== Exercise ==
The required answer is the run of lines from the one holding "A monorail gliding above a city" to the end of the data below, copied exactly and free of pictures.

== Given material ==
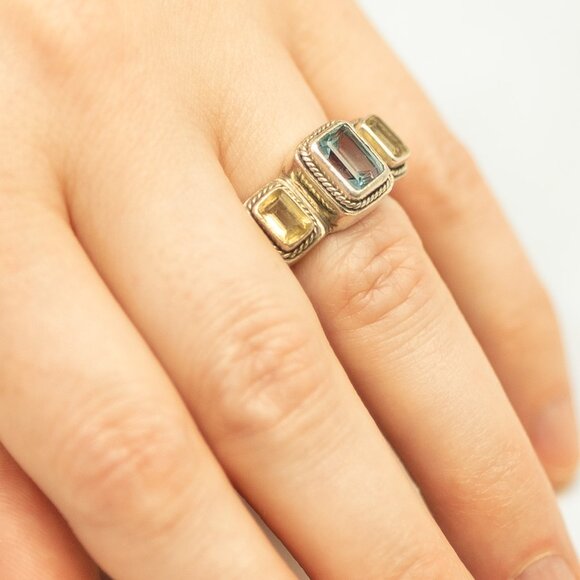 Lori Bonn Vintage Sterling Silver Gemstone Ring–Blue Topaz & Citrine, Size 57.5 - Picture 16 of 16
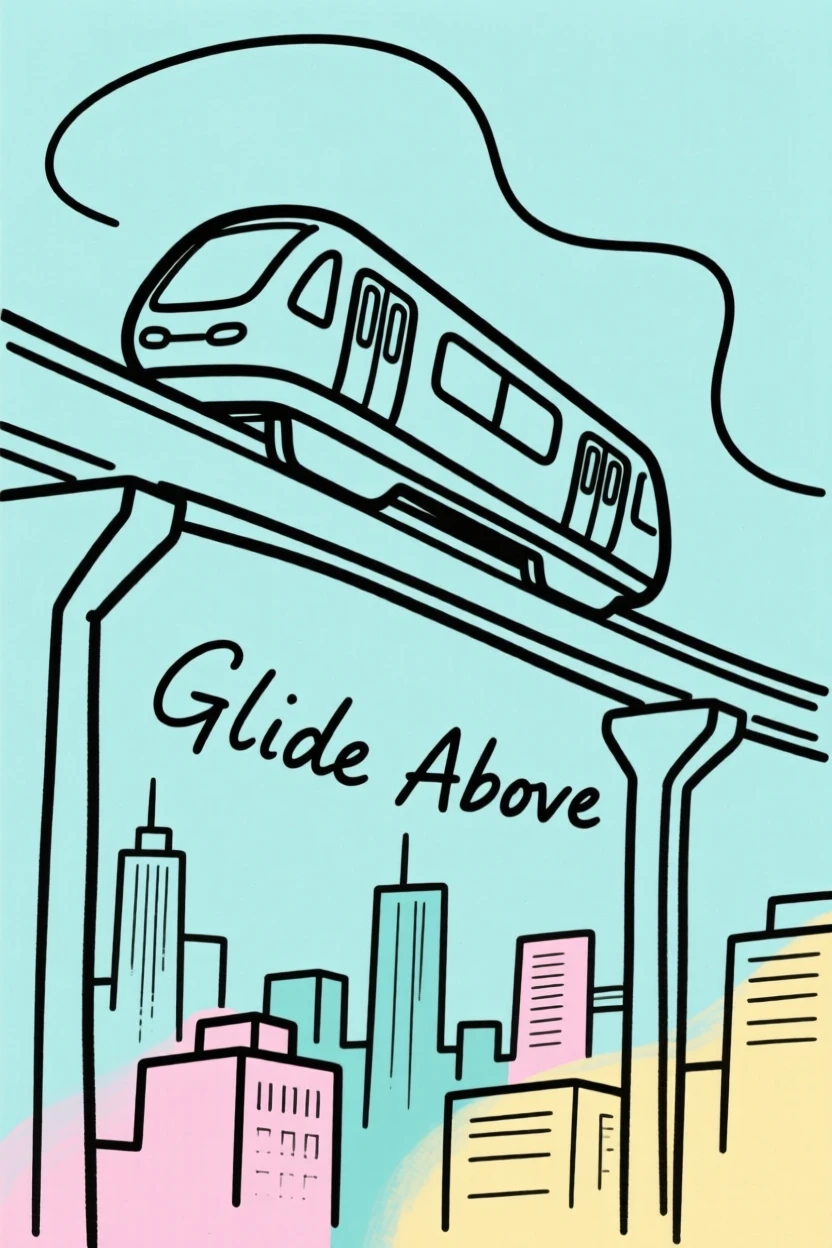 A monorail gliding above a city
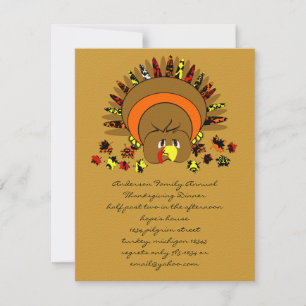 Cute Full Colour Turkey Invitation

== Output for this exercise ==
 A monorail gliding above a city
 Cute Full Colour Turkey Invitation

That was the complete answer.